■ Problem statement ■
Each line below should be retyped exactly, with no pictures.

■ Source data ■
==============================
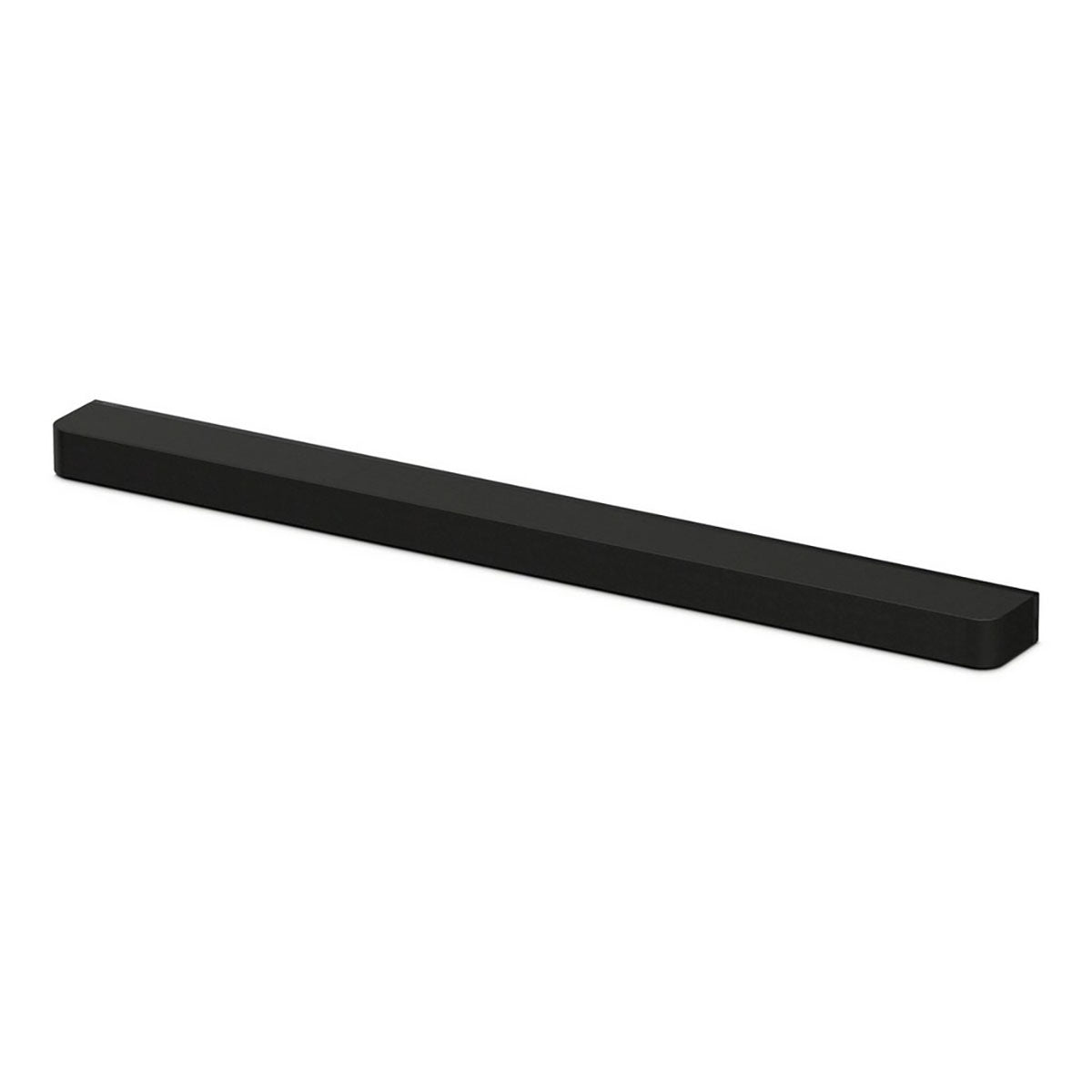 Sony HTA9000.CEK 7.0.2 Dolby Atmos® Soundbar, 13 Built-In Speakers - Black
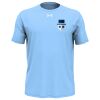 Under Armour Team Tech T-Shirt Thumbnail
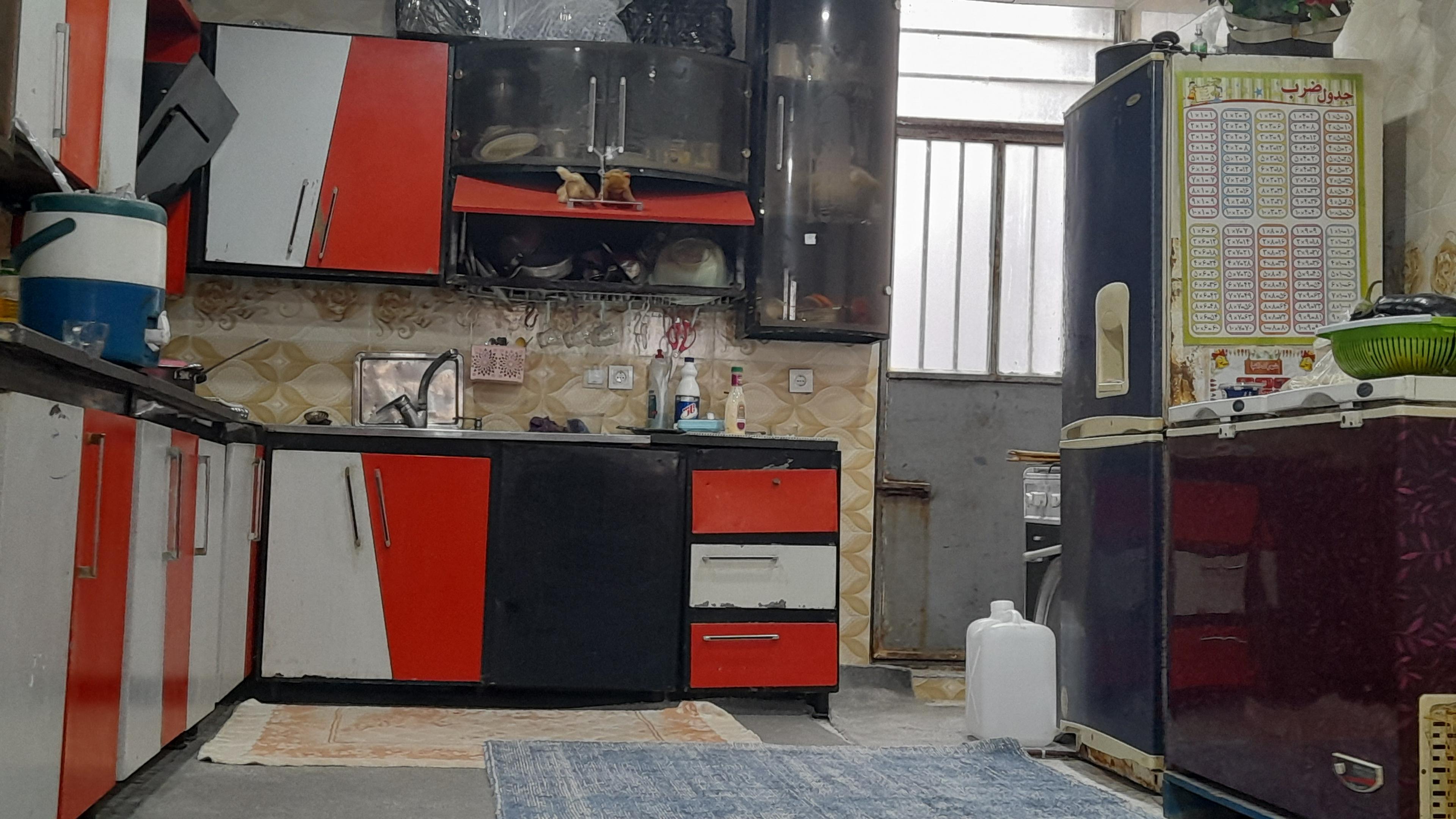 خونه ویلایی اجاره ای در گناوه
==============================
■ Result of this exercise ■
 Sony HTA9000.CEK 7.0.2 Dolby Atmos® Soundbar, 13 Built-In Speakers - Black
 Under Armour Team Tech T-Shirt Thumbnail
 خونه ویلایی اجاره ای در گناوه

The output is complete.